NY Daily News June 25, 2004
Slaughter, chaos in Iraq
100 are killed in six-city blitz
By Chrisopher Allbritton in Baghdad and Maki Becker in New York
In a terrifying blitz of assaults and suicide bombings, insurgents launched near-simultaneous attacks in six Iraqi cities yesterday, killing more than 100 people - including three U.S. soldiers.
The violence was directed primarily at Iraqi police stations and was clearly aimed at creating an atmosphere of chaos and fear before the handover of power to the interim Iraqi government in five days.
"We don't think this was an exception; we think we're going to see more of this," a senior coalition military official told reporters. "There's no reason to expect it will stop after June 30."
The wave of attacks that swept across the notorious Sunni Triangle and the northern city of Mosul featured suicide car bombings designed to kill Iraqi police officers and destroy police stations, but insurgents also attacked convoys, checkpoints and a governor's house. Some of the fighters were dressed all in black with yellow headbands, indicating their allegiance to terrorist leader Abu Musab al-Zarqawi.

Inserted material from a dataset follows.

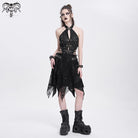 DEVIL FASHION Women's Punk Irregular Frog Skull Halterneck Party Dress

American helicopters, jet fighters and troops rushed to the aid of outgunned and overwhelmed Iraqi police, and had to resort to 500-pound bombs and at least one massive 2,000-pound bomb to beat back the offensive, officials said.
In the hotbed town of Fallujah, witnesses said Iraqi cops and insurgents were cooperating, even as American troops traded heavy gunfire with insurgents.
Zarqawi's group claimed credit for the onslaught, but interim Iraqi Prime Minister Iyad Allawi blamed the violence on both Zarqawi's followers and remnants of Saddam Hussein's Baathist regime - an ominous combination.
In Baqubah, fighters distributed leaflets to Iraqis warning them against cooperating with the U.S. "The flesh of collaborators is tastier than that of Americans," they read.
The attacks left streets in the besieged cities empty and rattled much of the country, including Baghdad. Westerners were told to stock up on supplies and stay off the streets for the next seven days for fear of assassination or kidnapping. The air over the city was filled with the clatter of American attack helicopters, and rumors of impending strikes unnerved much of the city.
Retired Col. Charles Krohn, who was assigned to Baghdad at the beginning of the occupation, said the coordinated attacks showed "that the terrorists are increasing in potency. ... It shows they're well-trained and that they are motivated and they're able to get close to the target."
He said the U.S.-led coalition will have to impose martial law, including a nationwide curfew and strict travel restrictions, to quell the violence.
"What they're doing is not hard to do," said John Pike, director of military think tank GlobalSecurity.org, about the insurgency. "That's the bad news," he said. "But the good news is that this is not the Tet offensive," referring to the Viet Cong uprising in the Vietnam War. "There were hundreds of thousands of Viet Cong. In Iraq, it's thousands."